TASK INSTRUCTIONS:
Only the lines below between the one holding "svg png Emblem" and the one holding "Rocking Horse for", inclusive, are to be reproduced word for word; the pictures are to be left out.

DATASET Block Start

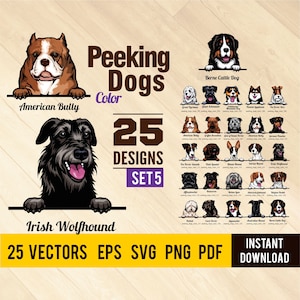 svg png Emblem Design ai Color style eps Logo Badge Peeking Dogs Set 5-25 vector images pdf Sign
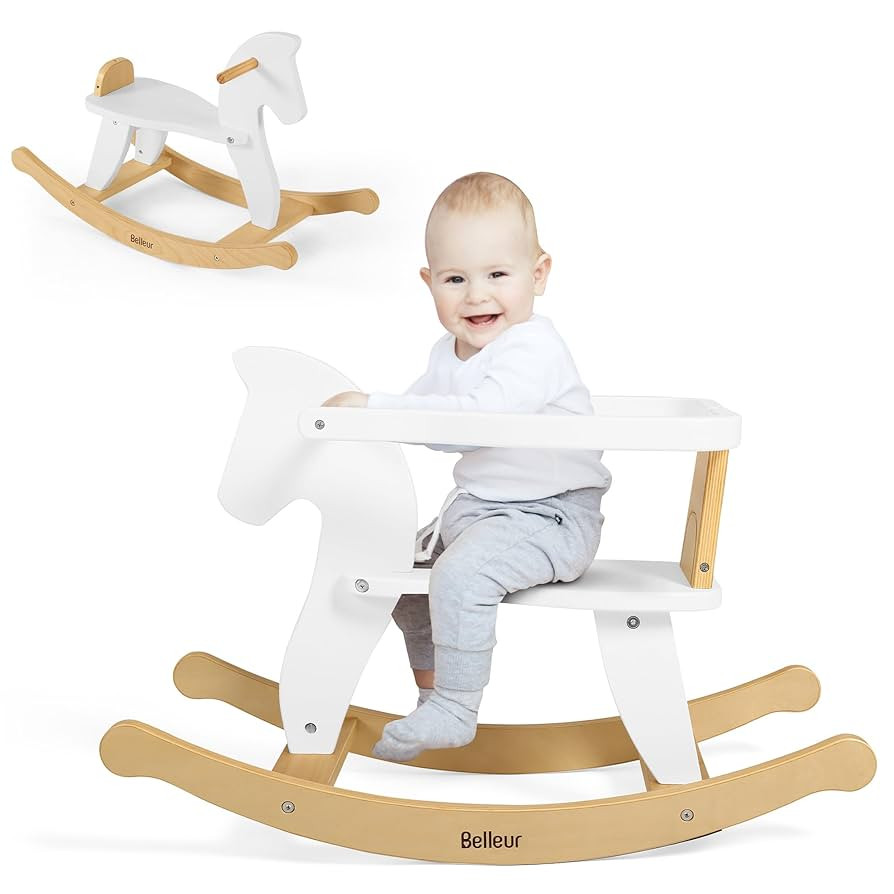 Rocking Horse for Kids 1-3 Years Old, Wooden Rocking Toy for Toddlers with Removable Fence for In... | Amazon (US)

DATASET Block End
DATASET Block Start

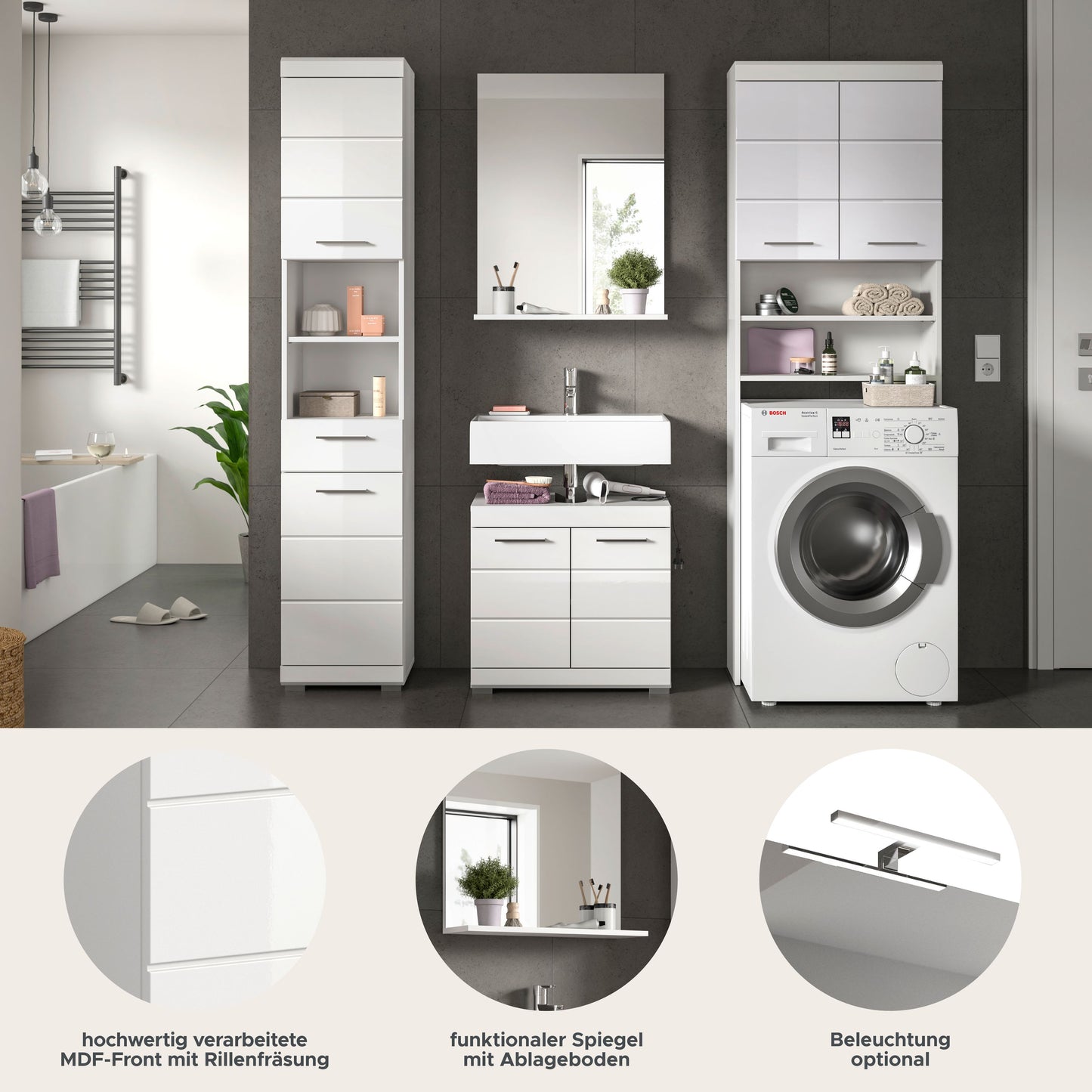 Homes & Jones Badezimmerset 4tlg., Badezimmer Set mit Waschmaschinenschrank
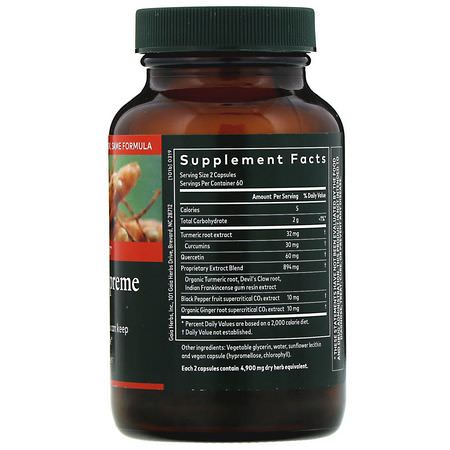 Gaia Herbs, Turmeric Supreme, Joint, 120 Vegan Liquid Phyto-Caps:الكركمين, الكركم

DATASET Block End
DATASET Block Start

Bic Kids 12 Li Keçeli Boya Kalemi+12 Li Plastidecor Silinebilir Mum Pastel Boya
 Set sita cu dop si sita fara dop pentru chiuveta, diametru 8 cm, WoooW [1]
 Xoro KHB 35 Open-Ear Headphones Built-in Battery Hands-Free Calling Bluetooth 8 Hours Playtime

DATASET Block End

RESPONSE TO THIS EXERCISE:
 svg png Emblem Design ai Color style eps Logo Badge Peeking Dogs Set 5-25 vector images pdf Sign
 Rocking Horse for Kids 1-3 Years Old, Wooden Rocking Toy for Toddlers with Removable Fence for In... | Amazon (US)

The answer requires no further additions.